======== Data in this exercise ========

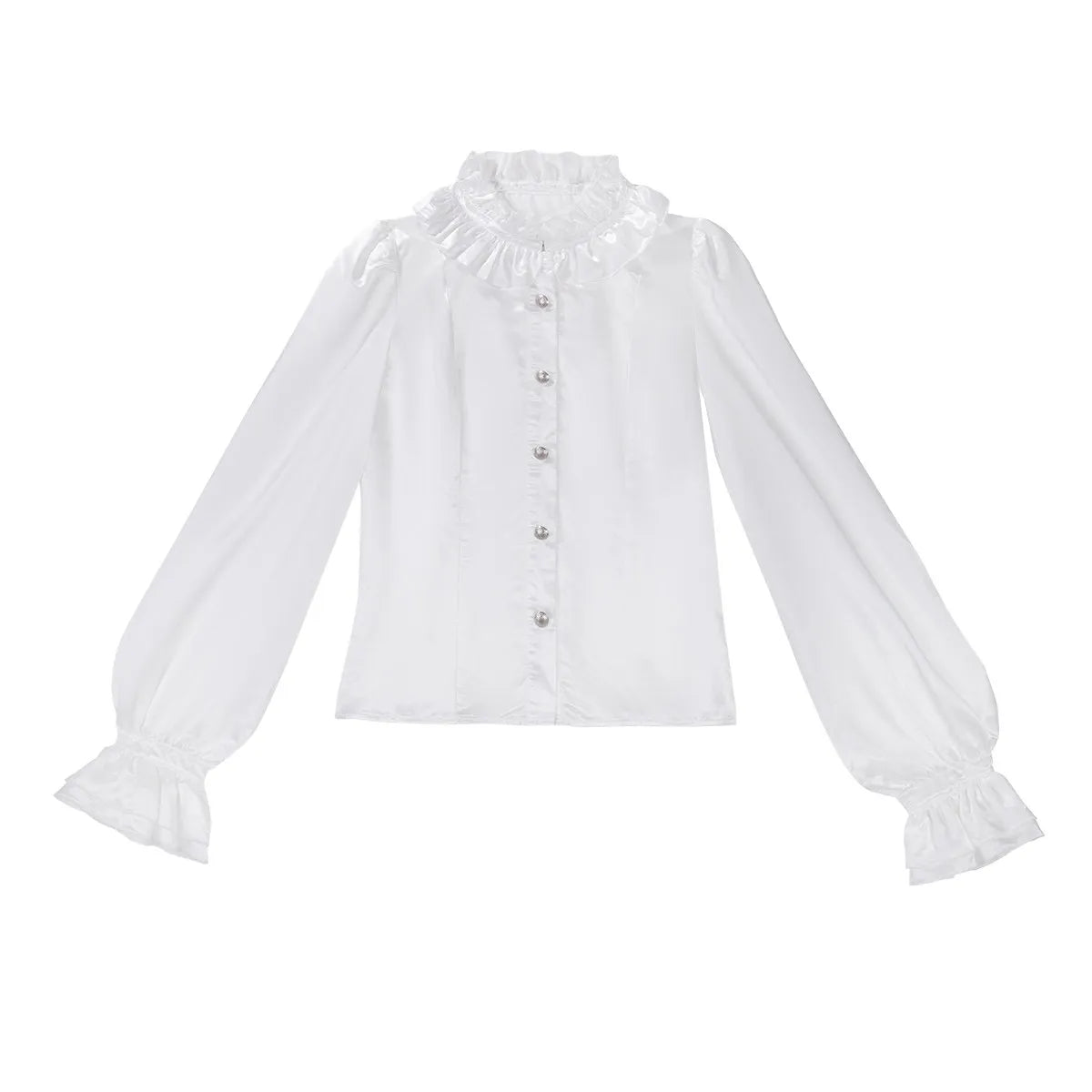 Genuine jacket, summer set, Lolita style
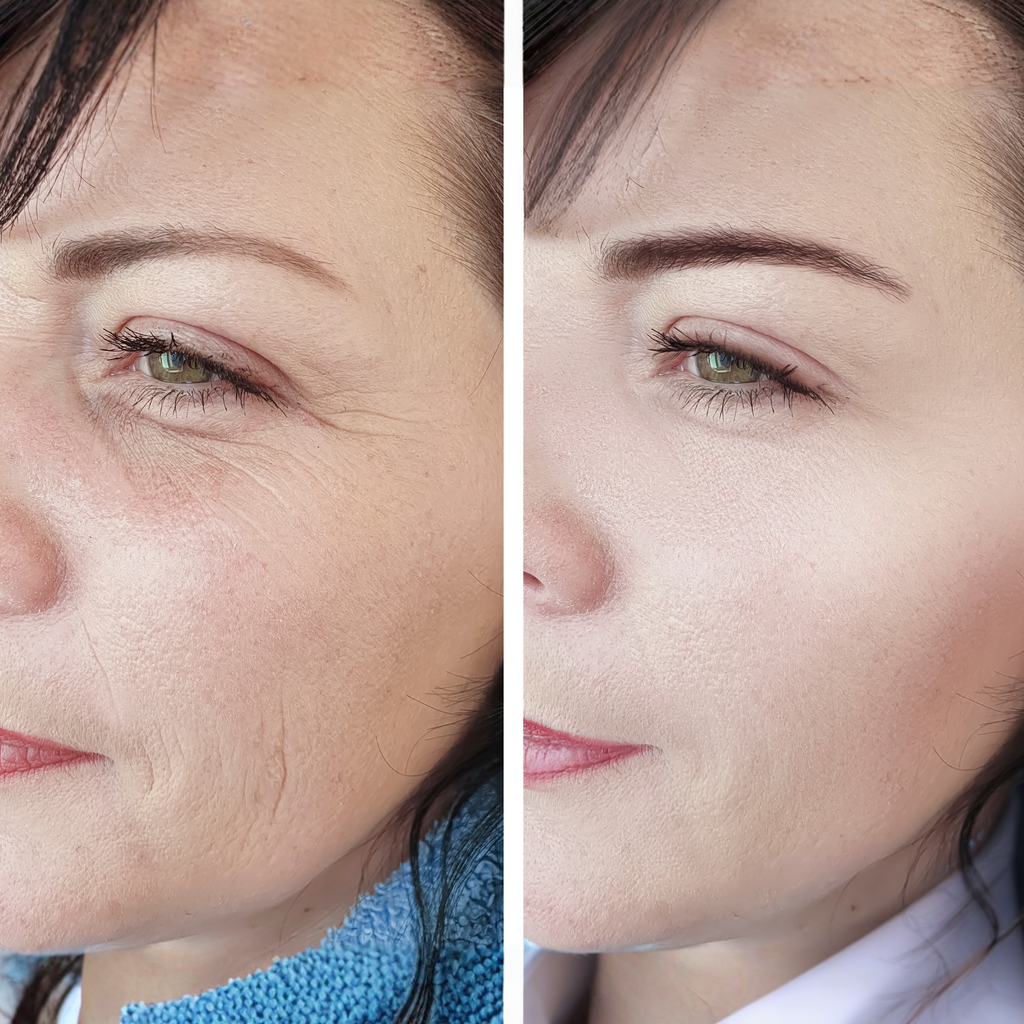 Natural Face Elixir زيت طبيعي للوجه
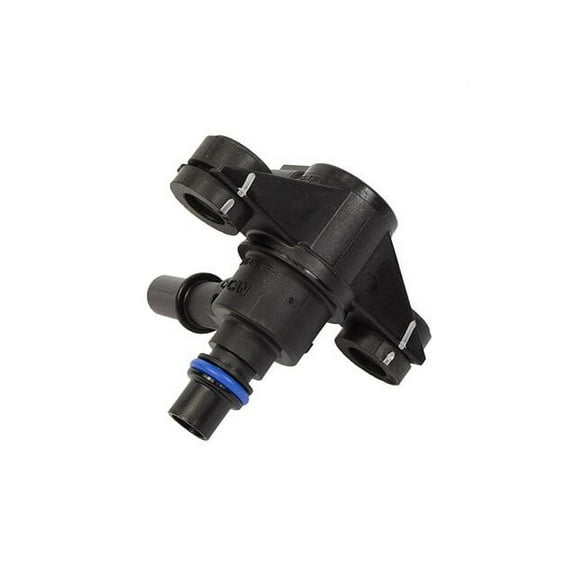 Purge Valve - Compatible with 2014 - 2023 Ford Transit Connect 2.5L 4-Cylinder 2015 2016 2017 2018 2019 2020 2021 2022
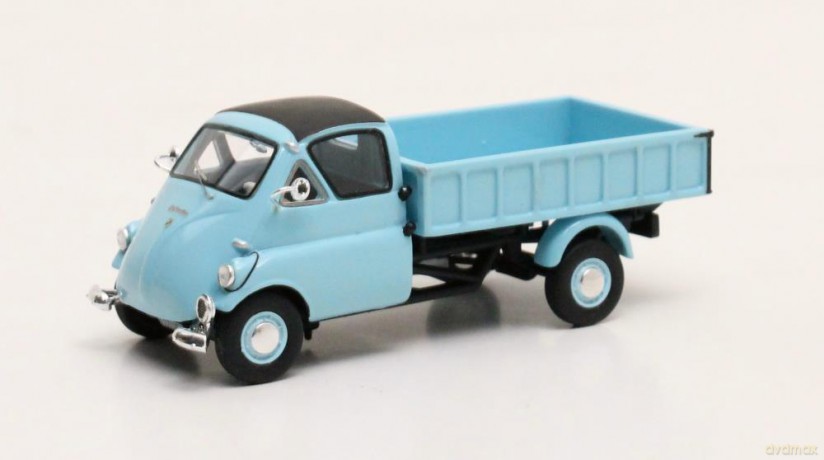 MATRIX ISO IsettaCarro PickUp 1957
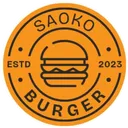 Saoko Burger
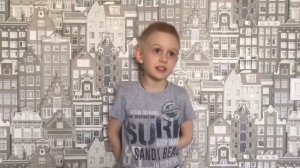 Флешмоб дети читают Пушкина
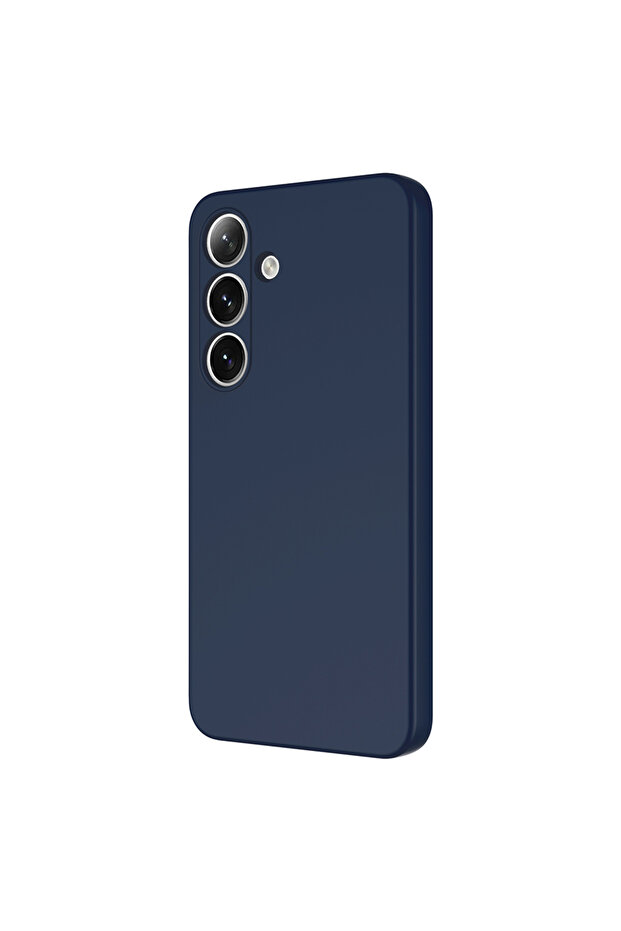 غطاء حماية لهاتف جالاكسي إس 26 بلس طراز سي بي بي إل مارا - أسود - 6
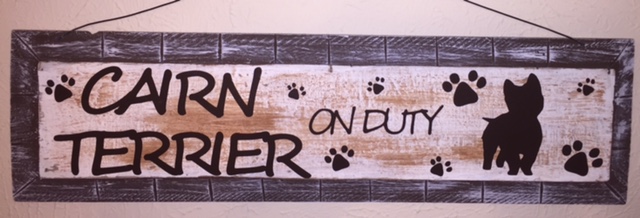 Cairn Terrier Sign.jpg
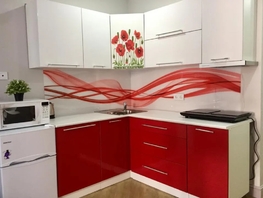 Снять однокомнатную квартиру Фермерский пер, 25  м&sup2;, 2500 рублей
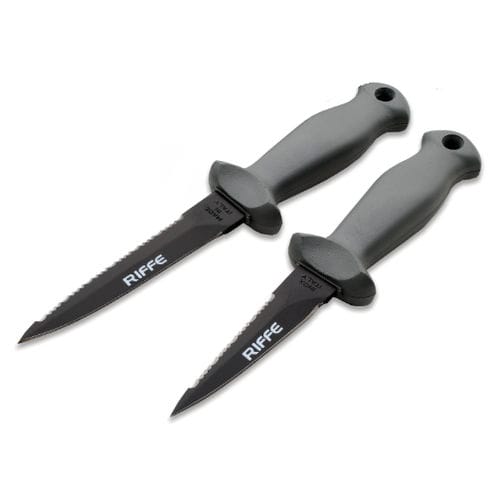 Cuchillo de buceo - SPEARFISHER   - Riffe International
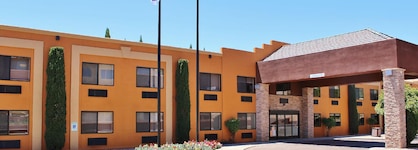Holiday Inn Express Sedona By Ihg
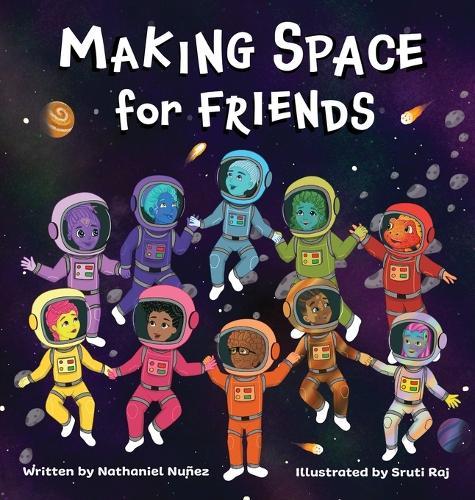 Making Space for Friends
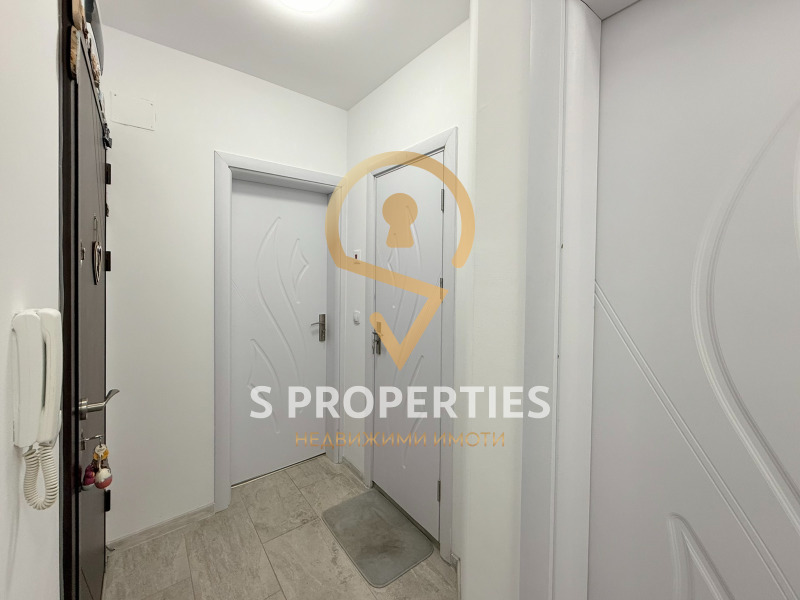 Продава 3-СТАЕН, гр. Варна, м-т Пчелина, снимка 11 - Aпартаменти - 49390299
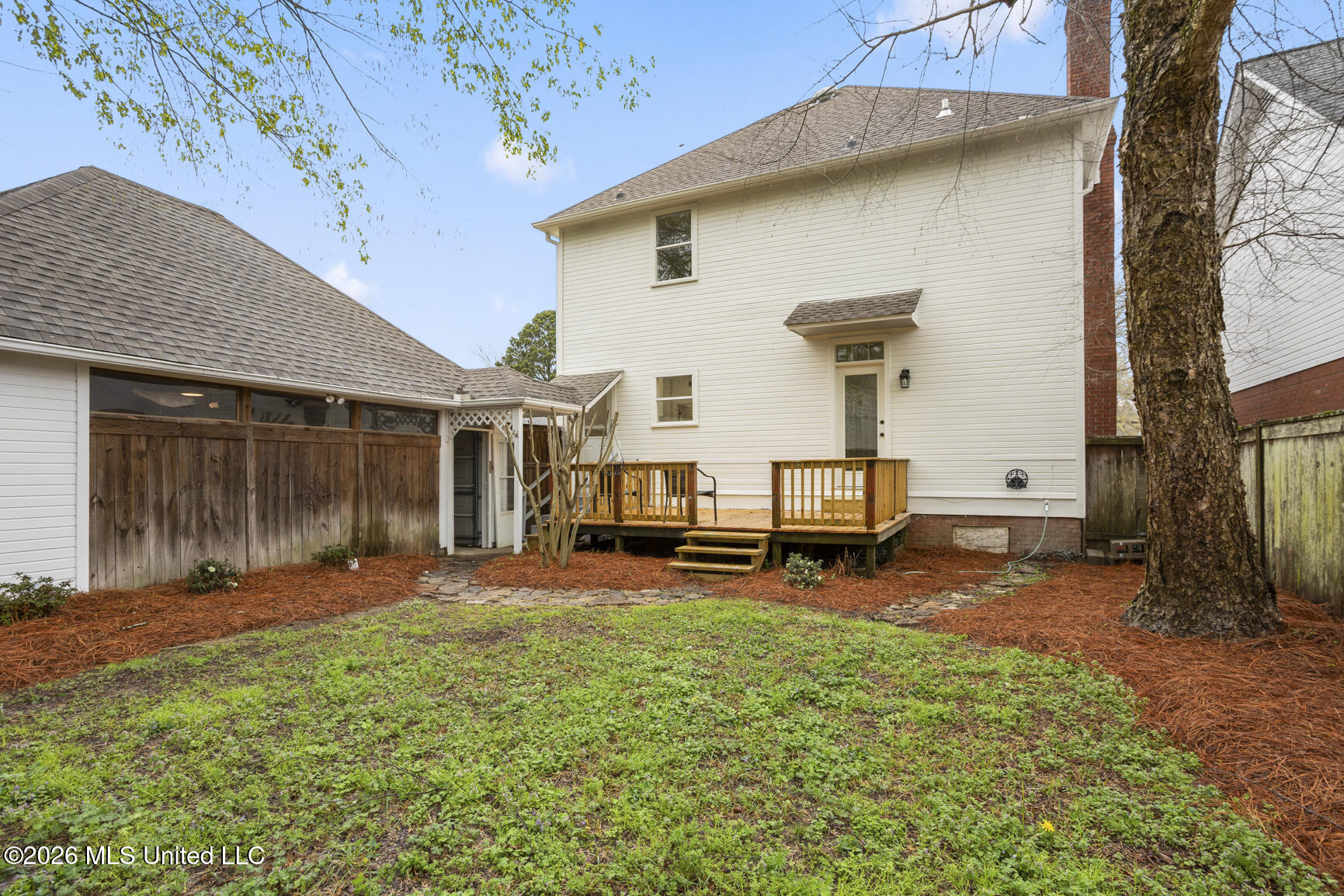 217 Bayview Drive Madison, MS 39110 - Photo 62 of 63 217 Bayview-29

========

● Try it: Copy out all the data above exactly, pictures excluded.

● Reply to the exercise:
 Genuine jacket, summer set, Lolita style
 Natural Face Elixir زيت طبيعي للوجه
 Purge Valve - Compatible with 2014 - 2023 Ford Transit Connect 2.5L 4-Cylinder 2015 2016 2017 2018 2019 2020 2021 2022
 MATRIX ISO IsettaCarro PickUp 1957
 Saoko Burger
 Флешмоб дети читают Пушкина
 غطاء حماية لهاتف جالاكسي إس 26 بلس طراز سي بي بي إل مارا - أسود - 6
 Cairn Terrier Sign.jpg
 Снять однокомнатную квартиру Фермерский пер, 25  м&sup2;, 2500 рублей
 Cuchillo de buceo - SPEARFISHER   - Riffe International
Holiday Inn Express Sedona By Ihg
 Making Space for Friends
 Продава 3-СТАЕН, гр. Варна, м-т Пчелина, снимка 11 - Aпартаменти - 49390299
 217 Bayview Drive Madison, MS 39110 - Photo 62 of 63 217 Bayview-29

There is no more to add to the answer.